Nebraska Gov. Dave Heineman has approved a new route for the Keystone XL oil pipeline through Nebraska that will cross part of the Ogallala aquifer, an important groundwater supply near the environmentally sensitive Sandhills region, the Associated Press reported.
His decision may convince the Obama administration and the US State Department to permit the $7B Canada-to-Texas pipeline to move forward, Fox News reported.
The Obama administration put the pipeline on hold in Jan. 2012, in part because Nebraska conservationists and landowners complained that a previously-suggested route through their state would damage the environment, Fox News reported.
More from GlobalPost: Keystone XL: How many jobs would it create?
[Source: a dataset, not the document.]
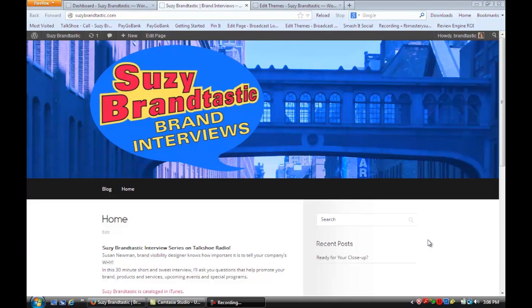Hi, this is Susan from Susan Neumann Design and we're at Mission 50 in Hoboken learning WordPress. In this video, we're going to learn how to edit our theme in Dreamweaver. We're on a site that's using WordPress for its content management system, and we're going to learn how to edit WordPress themes in Dreamweaver.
Heineman previously said he would block the building of the pipeline through the Sandhills, a region of grass-covered sand dunes, the AP reported. He said the new route skirts the area.
Activists aren’t convinced the route is safe. "Governor Heineman just performed one of the biggest flip-flops that we've seen in Nebraska political history,” Jane Kleeb, executive director of the group Bold Nebraska, told the AP.
In a letter to President Barack Obama and Secretary of State Hillary Clinton, Heineman said pipeline operator TransCanada had promised to clean up any oil spills, the AP reported.
"Construction and operation of the proposed Keystone XL Pipeline, with the mitigation and commitments from Keystone, would have minimal environmental impacts in Nebraska," Heineman wrote, according to Fox News.
According to the AP:
The governor said the project would result in $418.1 million in economic benefits for the state and $16.5 million in taxes from the pipeline construction materials.